TRADISI NYONGKOLAN DAN
PENDIDIKAN KARAKTER
Oleh : H. Muh. Lutfi Tharodli, S.Sos.I. M.Pd.I.
(Direktur
LPPSDM BKPRMI Kota Mataram dan Guru Bahasa Arab di MTs N 1 Mataram)
Mengutip pendapat dari H. Lalu
Lukman di dalam bukunya Tata Budaya Adat Sasak di Lombok mengenai adat istiadat,
beliau mengatakan “ Timbulnya adat dalam kebudayaan, adalah dari kebiasaan
sehari-hari, menjadi tradisi atau teradat serta didukung oleh falsafah yang
sangat menguntungkan bagi para penganutnya dalam perkembangannya. Ia mengalami
sentuhan dari lingkungan sekitarnya, ditambah lagi dengan masuknya aliran
keyakinan, yaitu agama yang mula-mula hanya merupakan pengaruh, tapi kemudian
menjadi penunjang yang kuat dan menjadi sendi dari adat, yang tidak dapat
dipisahkan. Proses yang demikian inilah yang dialami oleh masyarakat Sasak di
dalam perkembangannya.”
Berpijak dari pendapat beliau di
atas, ini mengindikasikan bahwa adat dalam kebudayaan Sasak tidak terlepas dari
pengaruh Agama, khususnya agama Islam yang dianut oleh mayoritas suku Sasak.
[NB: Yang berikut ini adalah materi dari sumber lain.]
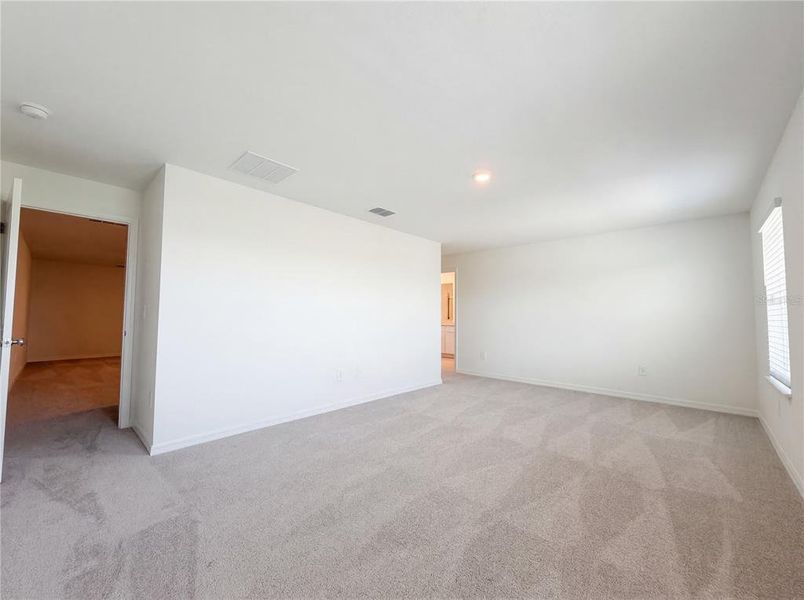 Spacious, unfurnished interior of a new home in , Parrish (Image 24). Spacious, unfurnished interior of a new home in , Parrish (Image 24).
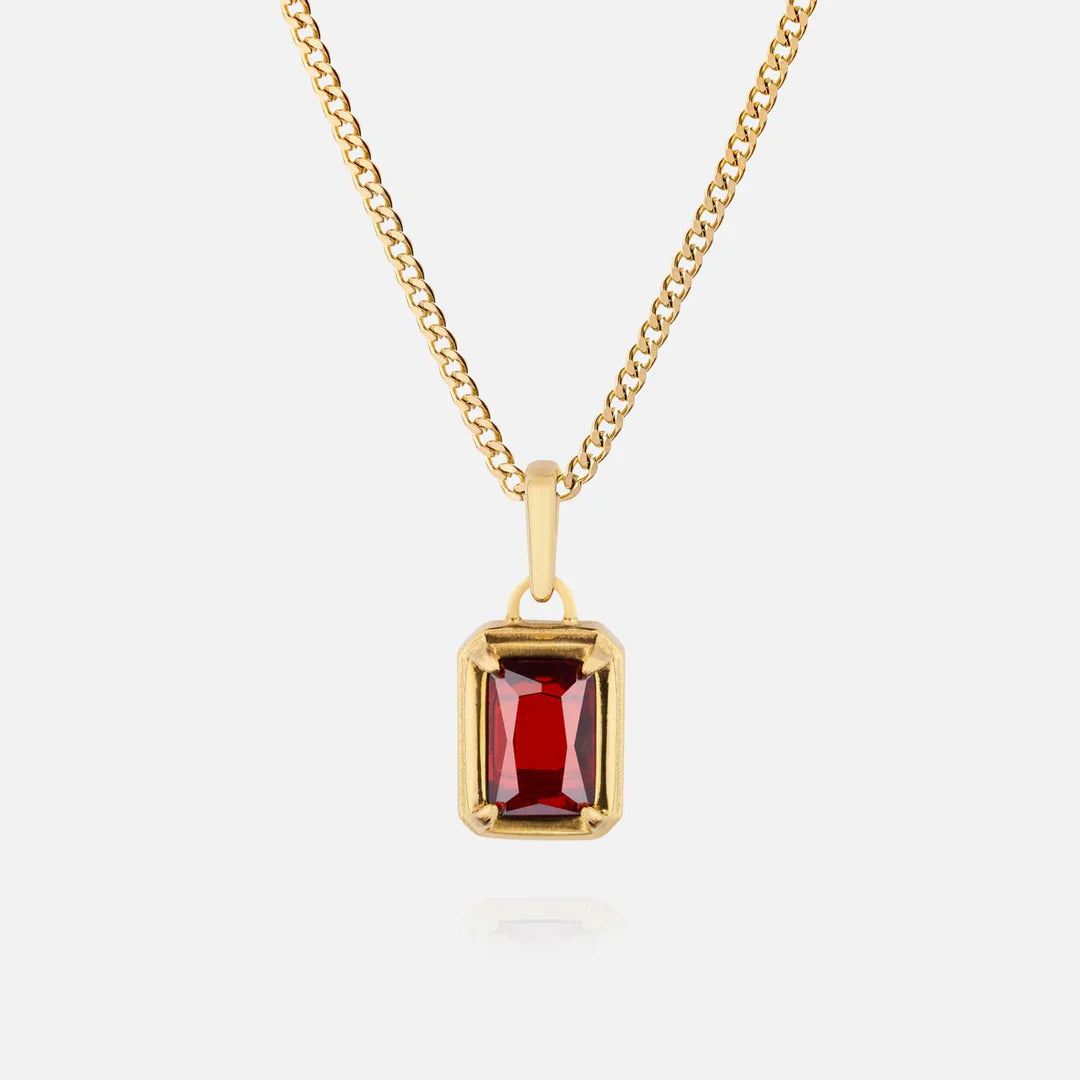 Garnet Cubic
Nilai ajaran Islam dari sejak dulu telah dijadikan pijakan oleh masyarakat suku
Sasak di dalam menjalankan tradisi budaya mereka. Pelaksanaan adat dalam
tradisi budaya Sasak tidak boleh dipisahkan dari pengaruh agama, atau dengan
kata lain adat harus bersendikan agama, adat harus tunjang-menunjang dengan
agama yang memunculkan falsafah yang sangat dalam yakni “adat gama” dan
”adat krama”. Antara adat gama dan adat krama tidak boleh saling
bertolak belakang, harus seiring sejalan, selangkah seayun, seia sekata agar
terwujud budaya Sasak yang harmonis dan seimbang menuju masyarakat Sasak yang
religius, maju, dan berbudaya.
Demikian halnya dengan tradisi
nyongkolan, pada hakikatnya tradisi nyongkolan dihajatkan untuk menjalankan ruh
agama itu sendiri karena dalam kegiatan nyongkolan ada unsur syiar untuk
memperkenalkan kedua mempelai kepada kaum kerabat dan para tamu yang hadir, dan
dalam kesempatan ini juga kedua mempelai dibawa menemui kedua orang tuanya,
sebagai simbol memohon maaf atas perbuatannya yang telah meninggalkan rumahnya untuk
kawin. Tetapi perlu diingat dalam pelaksanaan nyongkolan tersebut dilakukan
dengan tertib dan teratur dengan tidak melanggar norma adat dan agama. Inilah
hakikat nyongkolan yang dihajatkan oleh tokoh adat, tokoh agama, pemerintah,
dan masyarakat Sasak yang cinta akan budayanya.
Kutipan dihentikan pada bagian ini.